# DaTacos

In [12]:
import warnings
import pandas as pd
from pandas.errors import SettingWithCopyWarning

warnings.simplefilter(action="ignore", category=SettingWithCopyWarning)

B_ARTIST = "B-Artist"
B_WOA = "B-WoA"

data = pd.read_parquet("../data/intermediate/datacos_biotag.parquet").drop("ver_id", axis=1)

# data without artist and title tags each
data_noartist = data.loc[~data.NER_TAGS.apply(lambda x: B_ARTIST in x), :]
data_noartist.yt_processed = data_noartist.yt_processed.str.replace("\n", " ").str.replace("\t", " ")
data_noartist.drop(["NER_TAGS", "TEXT"], axis=1).to_parquet("../data/analysis/datacos_noartist.parquet")

data_notitle = data.loc[~data.NER_TAGS.apply(lambda x: B_WOA in x), :]
data_notitle.yt_processed = data_notitle.yt_processed.str.replace("\n", " ").str.replace("\t", " ")
data_notitle.drop(["NER_TAGS", "TEXT"], axis=1).to_parquet("../data/analysis/datacos_notitle.parquet")

print(f"Videos without matched Artist entity: {round(len(data_noartist)/len(data), 2)}")
print(f"Videos without matched Title entity: {round(len(data_notitle)/len(data), 2)}")

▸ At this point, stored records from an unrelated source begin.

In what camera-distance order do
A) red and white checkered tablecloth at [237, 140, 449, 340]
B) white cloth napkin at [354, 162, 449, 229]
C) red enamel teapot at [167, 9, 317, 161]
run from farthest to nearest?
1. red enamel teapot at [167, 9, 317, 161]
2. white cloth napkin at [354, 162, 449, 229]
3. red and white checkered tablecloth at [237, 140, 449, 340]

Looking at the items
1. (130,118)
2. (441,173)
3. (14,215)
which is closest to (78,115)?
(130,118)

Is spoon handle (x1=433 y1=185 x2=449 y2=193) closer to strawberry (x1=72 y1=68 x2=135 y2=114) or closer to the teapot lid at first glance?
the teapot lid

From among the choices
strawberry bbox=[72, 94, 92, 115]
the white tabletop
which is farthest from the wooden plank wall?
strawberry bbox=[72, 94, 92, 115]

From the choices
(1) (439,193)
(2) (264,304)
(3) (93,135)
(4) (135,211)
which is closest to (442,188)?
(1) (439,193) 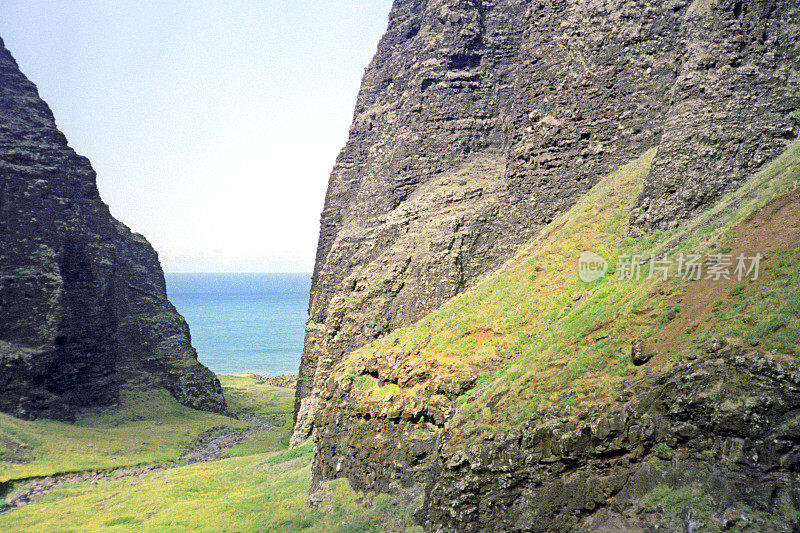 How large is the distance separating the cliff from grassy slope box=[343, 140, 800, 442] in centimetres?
8

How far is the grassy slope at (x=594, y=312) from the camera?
14227 mm

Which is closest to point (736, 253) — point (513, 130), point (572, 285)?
point (572, 285)

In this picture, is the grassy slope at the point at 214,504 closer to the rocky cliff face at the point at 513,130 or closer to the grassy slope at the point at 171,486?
the grassy slope at the point at 171,486

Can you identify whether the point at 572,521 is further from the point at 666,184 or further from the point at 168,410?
the point at 168,410

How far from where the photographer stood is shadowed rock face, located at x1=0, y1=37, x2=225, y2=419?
59.3 meters

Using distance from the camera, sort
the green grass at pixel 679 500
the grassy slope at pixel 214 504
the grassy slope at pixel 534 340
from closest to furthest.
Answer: the green grass at pixel 679 500 → the grassy slope at pixel 534 340 → the grassy slope at pixel 214 504

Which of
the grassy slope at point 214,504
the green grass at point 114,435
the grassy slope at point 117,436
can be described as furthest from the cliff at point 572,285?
the green grass at point 114,435

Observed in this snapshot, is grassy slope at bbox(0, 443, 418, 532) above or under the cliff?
under

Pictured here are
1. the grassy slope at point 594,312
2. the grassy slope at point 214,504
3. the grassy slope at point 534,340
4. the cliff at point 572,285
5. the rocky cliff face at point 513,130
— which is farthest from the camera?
the grassy slope at point 214,504

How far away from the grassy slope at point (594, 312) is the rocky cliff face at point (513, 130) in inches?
95.9

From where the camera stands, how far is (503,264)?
33.0 m

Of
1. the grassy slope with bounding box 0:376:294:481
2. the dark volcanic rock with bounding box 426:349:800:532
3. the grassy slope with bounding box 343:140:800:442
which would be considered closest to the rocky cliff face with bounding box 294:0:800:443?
the grassy slope with bounding box 343:140:800:442

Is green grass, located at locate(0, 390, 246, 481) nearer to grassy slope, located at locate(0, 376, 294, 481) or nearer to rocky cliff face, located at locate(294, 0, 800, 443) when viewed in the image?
grassy slope, located at locate(0, 376, 294, 481)

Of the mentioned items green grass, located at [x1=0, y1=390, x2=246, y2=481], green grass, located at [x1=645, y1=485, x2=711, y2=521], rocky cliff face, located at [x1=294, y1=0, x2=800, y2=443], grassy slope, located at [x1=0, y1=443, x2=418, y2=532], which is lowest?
grassy slope, located at [x1=0, y1=443, x2=418, y2=532] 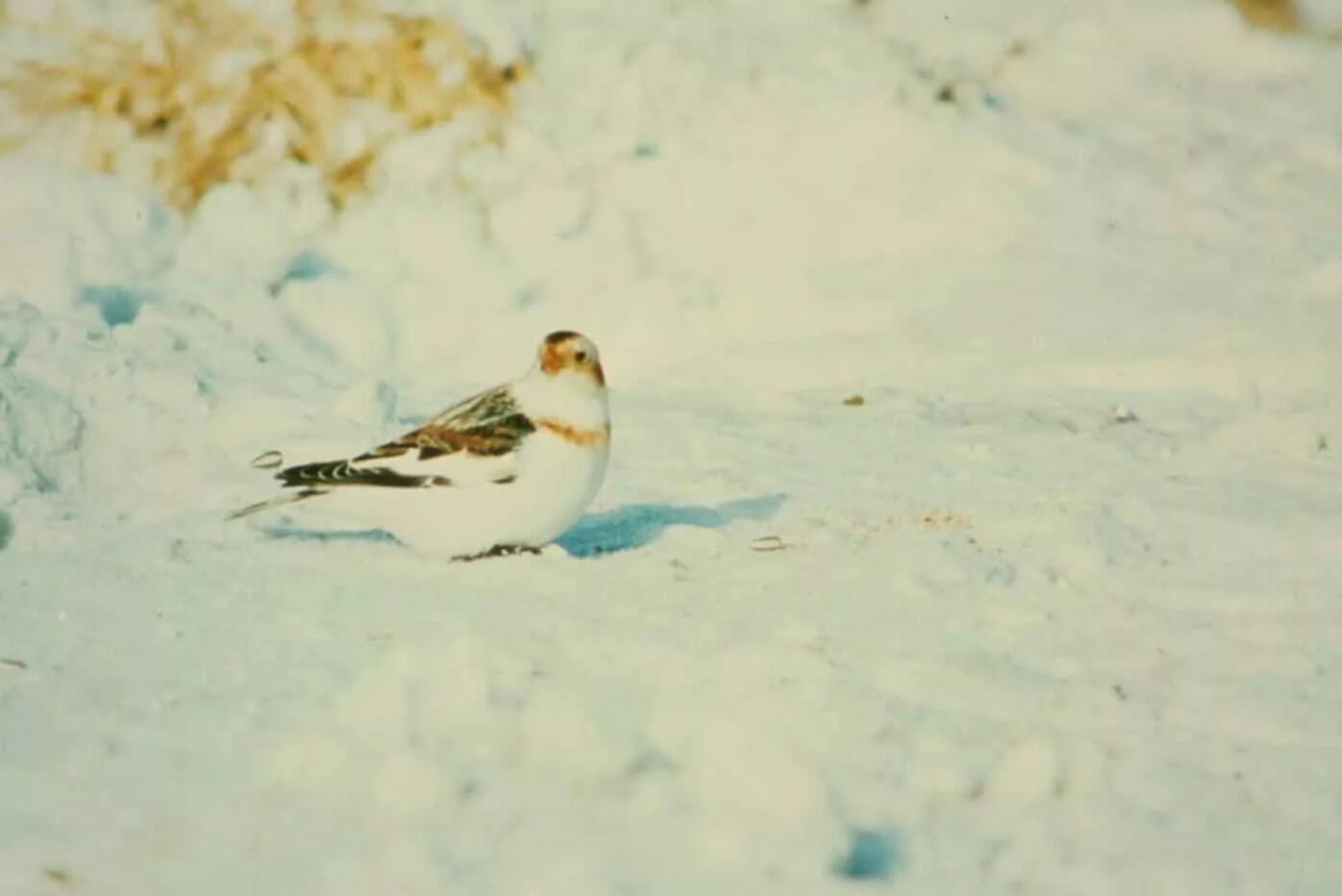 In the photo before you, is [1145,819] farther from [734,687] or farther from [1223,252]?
[1223,252]

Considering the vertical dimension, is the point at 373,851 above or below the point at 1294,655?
above

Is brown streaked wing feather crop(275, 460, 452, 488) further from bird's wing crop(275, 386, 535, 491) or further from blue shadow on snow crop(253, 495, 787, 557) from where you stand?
blue shadow on snow crop(253, 495, 787, 557)

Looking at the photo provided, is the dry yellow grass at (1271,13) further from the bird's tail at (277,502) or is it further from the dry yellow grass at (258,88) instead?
the bird's tail at (277,502)

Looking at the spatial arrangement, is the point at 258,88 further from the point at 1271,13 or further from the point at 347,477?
the point at 1271,13

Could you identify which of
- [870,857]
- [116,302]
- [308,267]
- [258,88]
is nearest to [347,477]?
[870,857]

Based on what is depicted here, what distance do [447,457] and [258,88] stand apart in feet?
11.8

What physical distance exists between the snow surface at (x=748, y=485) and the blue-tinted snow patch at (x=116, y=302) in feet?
0.07

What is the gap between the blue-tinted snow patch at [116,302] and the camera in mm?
7535

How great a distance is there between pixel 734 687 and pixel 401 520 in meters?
1.70

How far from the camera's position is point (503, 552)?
5562 millimetres

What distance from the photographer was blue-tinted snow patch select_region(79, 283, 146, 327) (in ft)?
24.7

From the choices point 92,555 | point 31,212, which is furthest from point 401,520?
point 31,212

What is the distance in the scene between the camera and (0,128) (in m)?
8.38

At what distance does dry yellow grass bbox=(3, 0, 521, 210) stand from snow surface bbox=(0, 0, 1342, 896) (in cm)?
19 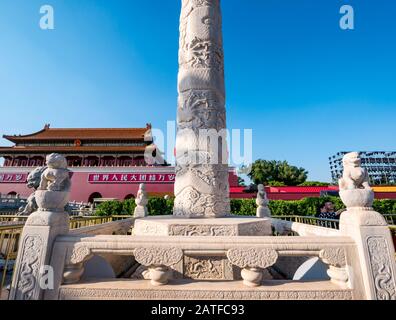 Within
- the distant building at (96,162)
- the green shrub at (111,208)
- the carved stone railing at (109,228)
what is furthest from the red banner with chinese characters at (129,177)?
the carved stone railing at (109,228)

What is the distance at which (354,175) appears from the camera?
2.48 meters

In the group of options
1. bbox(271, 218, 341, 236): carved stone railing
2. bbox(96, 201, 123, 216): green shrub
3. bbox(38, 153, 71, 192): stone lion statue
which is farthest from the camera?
bbox(96, 201, 123, 216): green shrub

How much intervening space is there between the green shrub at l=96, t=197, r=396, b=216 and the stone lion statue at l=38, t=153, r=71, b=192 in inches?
399

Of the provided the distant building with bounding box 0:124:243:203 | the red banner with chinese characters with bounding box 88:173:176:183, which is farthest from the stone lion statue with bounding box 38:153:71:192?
the red banner with chinese characters with bounding box 88:173:176:183

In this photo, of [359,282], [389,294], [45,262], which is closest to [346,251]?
[359,282]

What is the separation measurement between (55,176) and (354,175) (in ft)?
11.4

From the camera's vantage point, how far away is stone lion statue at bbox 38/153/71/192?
261 cm

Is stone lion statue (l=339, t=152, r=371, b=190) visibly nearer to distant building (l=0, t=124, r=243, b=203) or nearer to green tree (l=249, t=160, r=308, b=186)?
distant building (l=0, t=124, r=243, b=203)

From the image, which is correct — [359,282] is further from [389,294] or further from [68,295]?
[68,295]

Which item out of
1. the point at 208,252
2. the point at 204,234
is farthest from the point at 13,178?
the point at 208,252

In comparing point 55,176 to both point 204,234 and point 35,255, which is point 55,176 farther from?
point 204,234

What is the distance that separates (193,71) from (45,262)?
4.16 metres

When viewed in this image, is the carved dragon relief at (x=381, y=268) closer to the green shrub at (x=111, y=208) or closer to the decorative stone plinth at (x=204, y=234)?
the decorative stone plinth at (x=204, y=234)

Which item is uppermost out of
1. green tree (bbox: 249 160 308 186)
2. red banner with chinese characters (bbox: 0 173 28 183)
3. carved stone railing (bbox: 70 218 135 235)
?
green tree (bbox: 249 160 308 186) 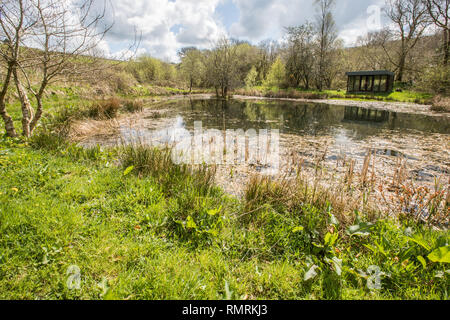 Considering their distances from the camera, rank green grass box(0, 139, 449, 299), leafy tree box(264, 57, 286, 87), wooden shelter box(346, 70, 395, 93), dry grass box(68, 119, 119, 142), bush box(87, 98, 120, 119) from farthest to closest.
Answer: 1. leafy tree box(264, 57, 286, 87)
2. wooden shelter box(346, 70, 395, 93)
3. bush box(87, 98, 120, 119)
4. dry grass box(68, 119, 119, 142)
5. green grass box(0, 139, 449, 299)

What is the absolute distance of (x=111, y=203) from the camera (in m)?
2.91

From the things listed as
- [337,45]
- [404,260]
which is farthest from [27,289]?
[337,45]

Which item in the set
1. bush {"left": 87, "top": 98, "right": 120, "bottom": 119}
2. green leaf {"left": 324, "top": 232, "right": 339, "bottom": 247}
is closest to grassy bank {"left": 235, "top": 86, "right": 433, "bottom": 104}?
green leaf {"left": 324, "top": 232, "right": 339, "bottom": 247}

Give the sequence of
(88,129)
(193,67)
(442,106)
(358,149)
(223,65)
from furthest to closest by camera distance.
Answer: (193,67) < (223,65) < (442,106) < (88,129) < (358,149)

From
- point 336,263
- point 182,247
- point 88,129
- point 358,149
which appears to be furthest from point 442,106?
point 88,129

Videos without matched Artist entity: 0.07
Videos without matched Title entity: 0.07


### Multiple artists, usually separated by "feat", "featuring", "vs"
- omitting feat. artist
    - eg. "dub spencer & trance hill feat the catch" vs. "dub spencer & trance hill"
- artist and feat. artist split by song title
    - eg. "theo croker SONG_TITLE feat dee dee bridgewater" Vs. "theo croker featuring dee dee bridgewater"
- both artists spearatly mentioned for "sugababes vs girls aloud"	
### Unfuzzy-Problem
Are these problems solvable by edit-distance-like approach?
- String + digit concatenated vs. not concatenated
    - eg. "equipe84" vs. "equipe 84"
    - eg. "06diphtheria" instead of "diphtheria"
- genetive in artist name
    - eg. "janice whales" instead of "janice whaley"
- absence of article "the"
    - eg. "cats" instead of "the cats"
- which pattern is this actually? encoding? wrong preprocessing?:
    - "robin\nfi?" in SHS metadata?
    - "all saints\ngb" ..
    - "sabrina\nph" ...
- wrong spacing
    - "di do" instead of "dido"
    - "vaughn deleath"	instead of "vaughn de leath"	
- missing single chars 
    - between tokens
        - eg "george wallace jr" instead of "george c wallace jr"
    - in tokens
        - eg "ariane moffat" instead of "ariane moffatt"
- typo
    - "rosanna eckert" instead of "rosana eckert"
- alternative name 
    - "european ensemble string quartett" instead of "european ensemble strings"
- "&" vs. "and" (eg. "jim and jesse" vs "jim & jesse")


In [13]:
data_noartist.sample(10)[["yt_processed", "performer_perf_processed"]]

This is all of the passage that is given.